Was That a Braxton Hicks Contraction? How to Know

By Marisa Iallonardo
Reviewed by Alyssa Quimby, M.D.
July 26, 2023

You’re going about your day and feel sudden tightness in your belly that stops you in your tracks. Was that a labor contraction or are you having what’s known as a Braxton Hicks contraction? It might be hard to tell at times but there are some important differences.

“Braxton Hicks are irregular uterine contractions,” says Abdulla Al Khan, M.D., a board-certified ob-gyn and director of maternal-fetal medicine and surgery at Hackensack University Medical Center in New Jersey. And they don’t lead to labor.

He explains that Braxton Hicks contractions come and go occasionally. They don’t happen regularly or in a rhythmic pattern like labor contractions do.

Why Do Braxton Hicks Contractions Happen?

The reason for Braxton Hicks contractions is not totally clear. Researchers believe they’re “toning the uterine muscle” for delivery. You can think of them as your body getting you ready to give birth, says Al Khan.

When Do Braxton Hicks Contractions Start?

“Braxton Hicks contractions can start as early as week six, as your uterus grows to accommodate the baby,” says Kia Hollis, a certified nurse midwife at Mercy Medical Center’s Metropolitan OB/GYN in Baltimore. This is why some people feel cramping early in pregnancy, she adds.

“However, the more intense Braxton Hicks contractions are usually felt starting around the beginning of the third trimester, which is typically week 27 or 28,” Hollis says.

How Can You Tell the Difference Between Braxton Hicks and Labor Contractions?
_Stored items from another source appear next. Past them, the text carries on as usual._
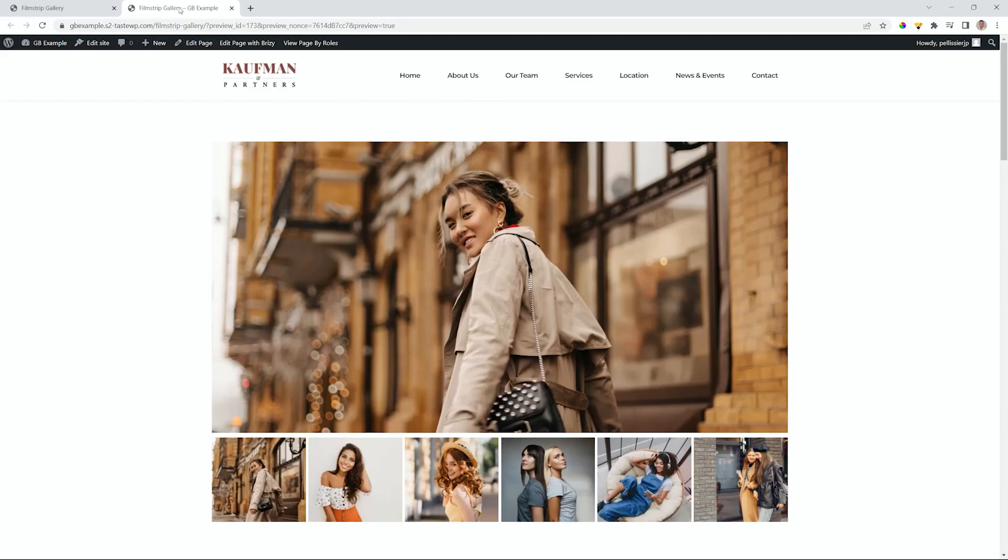Hello, JP here with Brizzy, and today I'm going to show you how you can create this Filmstrip gallery. In fact, it is so simple, it's within the gallery element, and you probably didn't even know it is there.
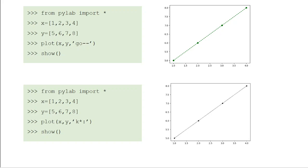Always remember: once you plot the graph, you need to use the show() function. Only then will the graph be displayed on your screen.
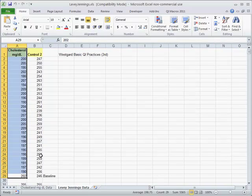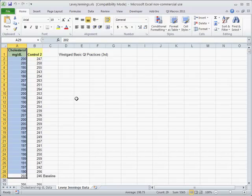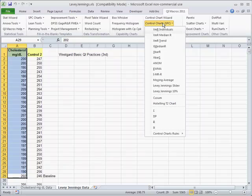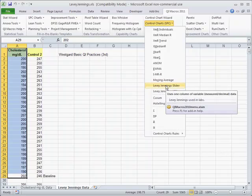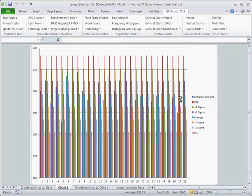Here's some data — cholesterol values over time from a particular patient. We can take that data and click on the QI Macros. You'll notice there are a couple of different kinds of Levey-Jennings: one uses standard deviation, and the other calculates limits that are 10%, 20%, and 30% away from the center line. So let's do the standard deviation chart first.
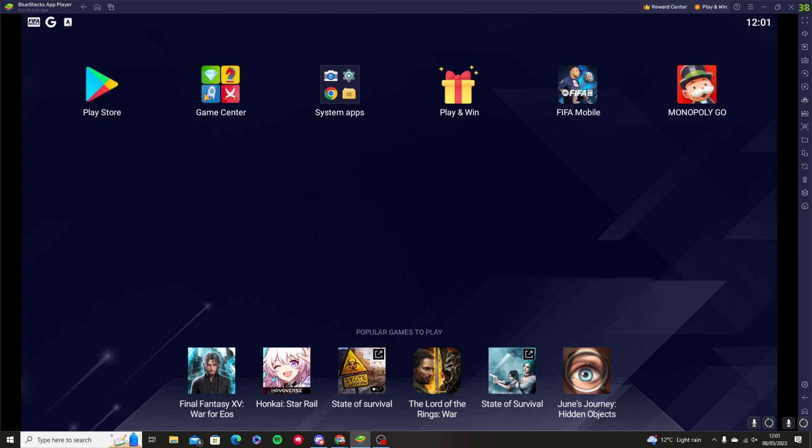You have your Play Store, Game Center, and the games you've downloaded. You can play and win—the more games you play, the more rewards you get. You've got your system apps like your camera, so basically it's acting like a phone.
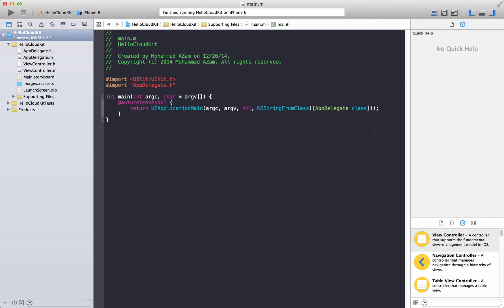Hi and welcome to the Azam Sharp Channel. I'm your host Mohamed Azam and today we will be talking about the CloudKit framework which was introduced in iOS 8. CloudKit allows you to create your documents, create your key-value pair entities in the cloud, store them in the cloud, and users can access the public or private database using their iCloud credentials.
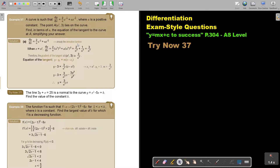This is already the derivative. When x is equal to a, I substitute a squared in. So I'm getting this answer. Therefore the gradient will be 3 over a squared.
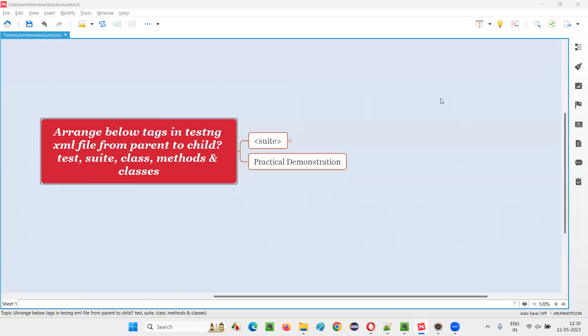Hello all, welcome to this session. In this session, I am going to answer one of the Selenium interview questions: arrange below tags in TestNG XML file from parent to child order.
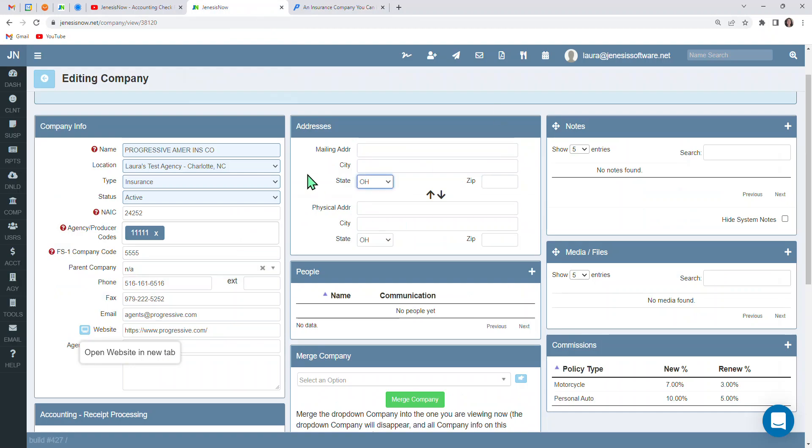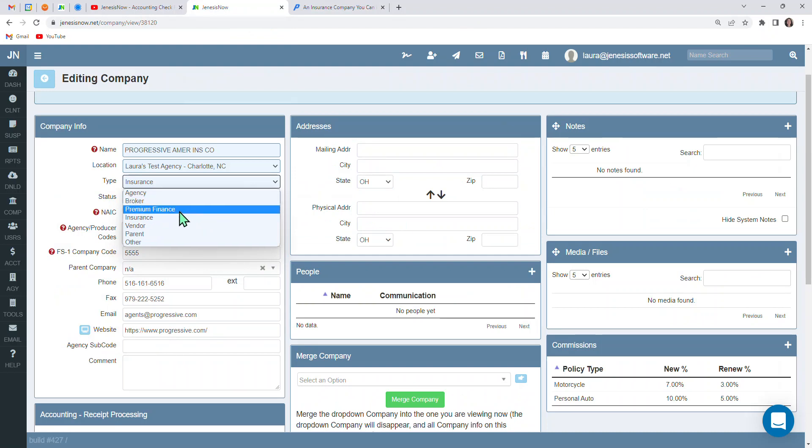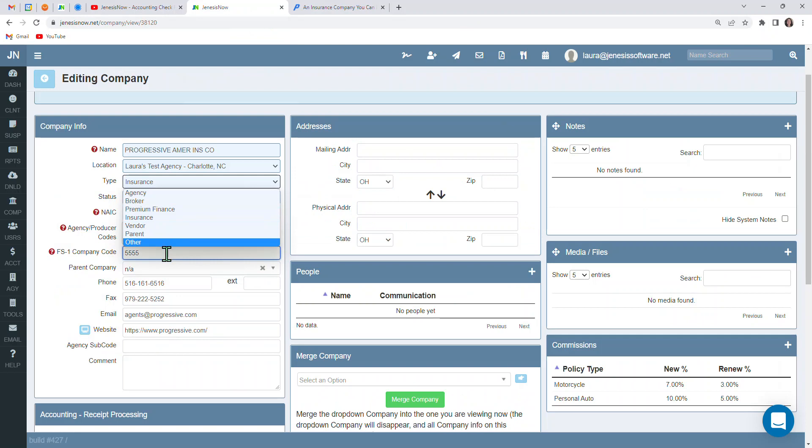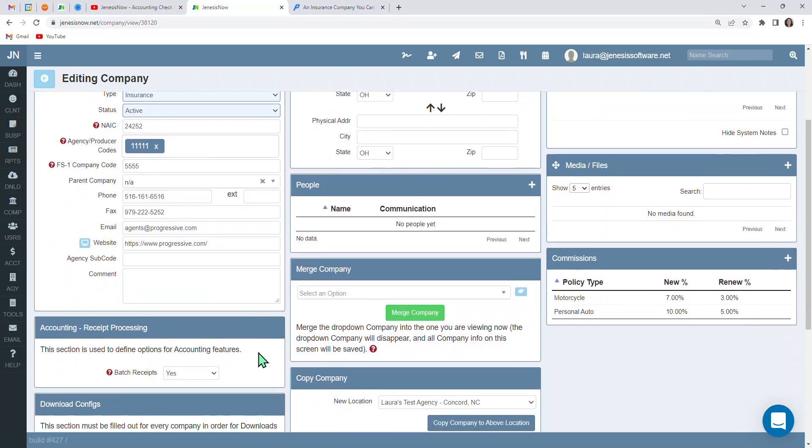Also, I wanted to point out to you that you do have the capability to add in other companies like brokers, a premium finance company, vendors, so on and so forth. And you can put website links to all of those in here as well if you would like to do that.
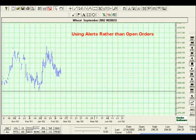We're on Lesson 6E, and I'm going to talk to you a little bit about using alerts rather than open orders. Now, an open order, if you recall, is an order that just sits there waiting to be filled. And it can be filled at any date, any time in the future after it's placed.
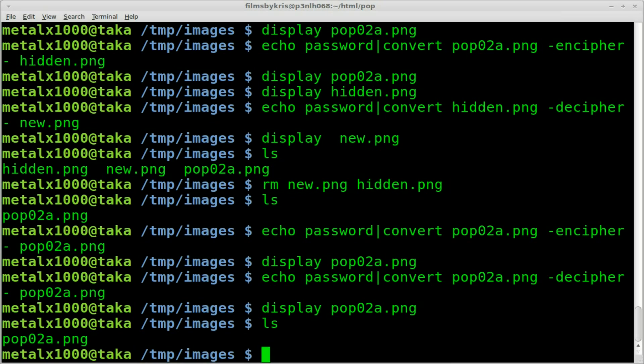And you can email it to somebody. And if they have, you know, ImageMagick installed. Or I'm sure there's other programs you can probably open it up with that would ask for a password. But they would need the password to open it. So that's a great way to hide images. It's not just hidden. It's encrypted.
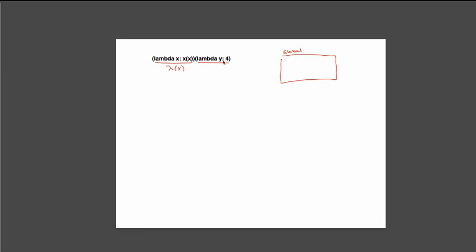Now we'll evaluate our operand. Our operand is another lambda function. We'll call this lambda 2 that takes an argument y. And we won't look inside of our return statement for this yet either.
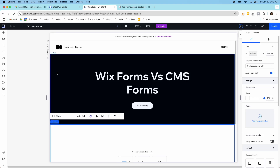Hey guys, it's Kip here from KDC Marketing, and in today's video I want to talk about Wix forms versus CMS forms because this is a question that comes up often, and you might not know which form is the correct form to use when building your Wix Studio website or your Wix Editor website. I want to answer this question and build both of these forms from scratch and show you the differences in when you might use one versus the other.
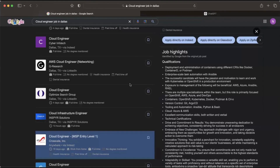Cover letter is not like a resume — it cannot be reused the same way. Cover letter requires three pieces of information, and that is why it cannot be the same every time. The first thing is your profile information — about you. For example, Naman is a cloud engineer, a software engineer, or a cybersecurity specialist.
First, know what can cause Braxton Hicks to start. That can include exercise, being on your feet a lot, not drinking enough water, and sex, says Hollis. When you feel them happening, she recommends resting. Drinking water can help too. If they’re Braxton Hicks, they should eventually stop.

Also, notice how often you’re feeling the contractions. Braxton Hicks are irregular. So if your contractions keep happening regularly—say they’re happening every 10 minutes—this could be a sign that it’s actual labor, says Al Khan. If so, call your doctor or midwife.

Braxton Hicks contractions are typically not very intense or painful. If your contractions become painful enough that you’re unable to talk or need to breath deeply as they happen, these may be labor contractions.

If the contractions start to get more intense or if you notice other symptoms, like bleeding, leaking, pelvic pressure or back pain, call your provider. They can help determine what’s going on.